Microvasculature-directed thrombopoiesis in a 3D in vitro marrow microenvironment.

Publication Type:

Journal Article


PloS one, Volume 13, Issue 4, p.e0195082 (2018)


Electron Microscopy Core Facility


Vasculature is an interface between the circulation and the hematopoietic tissue providing the means for hundreds of billions of blood cells to enter the circulation every day in a regulated fashion. The precise mechanisms that control the interactions of hematopoietic cells with the vessel wall are largely undefined. Here, we report on the development of an in vitro 3D human marrow vascular microenvironment (VME) to study hematopoietic trafficking and the release of blood cells, specifically platelets.
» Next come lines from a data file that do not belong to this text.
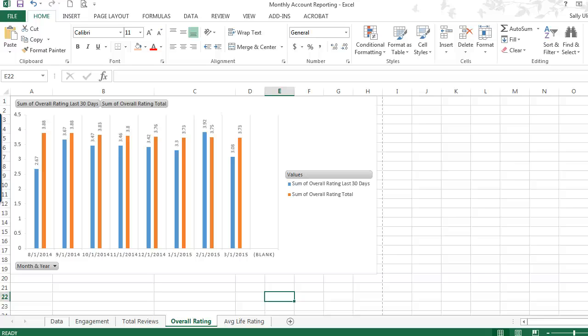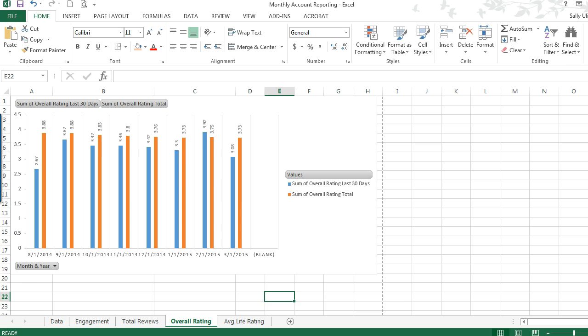In this video, I'm going to show you how to make pivot chart data automatically refresh every time you open your workbook.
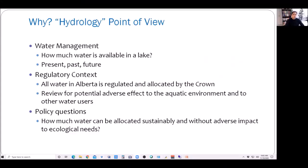Let's start with why we need to know lake water balance or lake hydrology. From a water management point of view, we need to know how much water is actually available in a lake or wetland. Also, all water in Alberta is regulated and allocated by the Crown. So when someone applies for diverting water from a lake or wetland, we need to assess whether there is any potential adverse effect to the aquatic environment. Often we also need to develop water policy in the province — for example, how much water can be allocated sustainably without adverse impact to ecological needs.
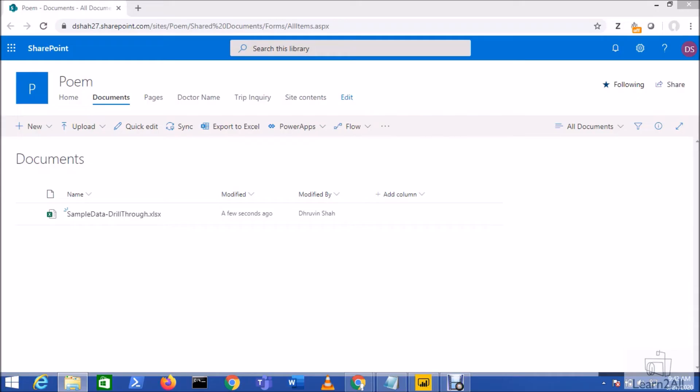Hey everyone, in this session we are going to discuss how we can load Excel file data from SharePoint online document library to Power BI. So now let's get started. First of all, let me explain you my business case.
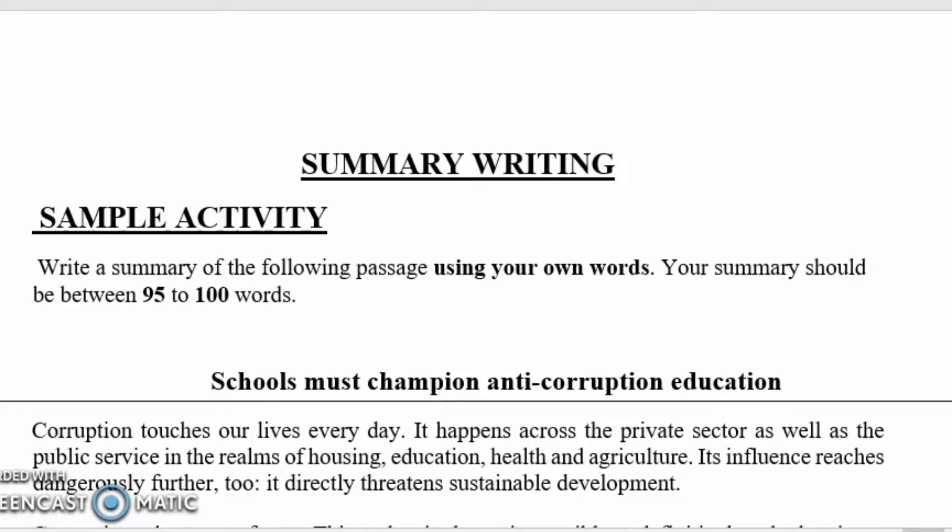This skill can really help you not only in English but when you start reading your notes for revision. Sometimes your teachers might give you bulky notes and you need to summarize them. So if it's a whole article and you need to summarize it, this is a skill that can really help you. Please listen carefully.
We show that mature megakaryocytes from aspirated marrow as well as megakaryocytes differentiated in culture from CD34+ cells can be embedded in a collagen matrix containing engineered microvessels to create a thrombopoietic VME. These megakaryocytes continue to mature, penetrate the vessel wall, and release platelets into the vessel lumen. This process can be blocked with the addition of antibodies specific for CXCR4, indicating that CXCR4 is required for megakaryocyte migration, though whether it is sufficient is unclear. The 3D marrow VME system shows considerable potential for mechanistic studies defining the role of marrow vasculature in thrombopoiesis. Through a stepwise addition or removal of individual marrow components, this model provides potential to define key pathways responsible for the release of platelets and other blood cells.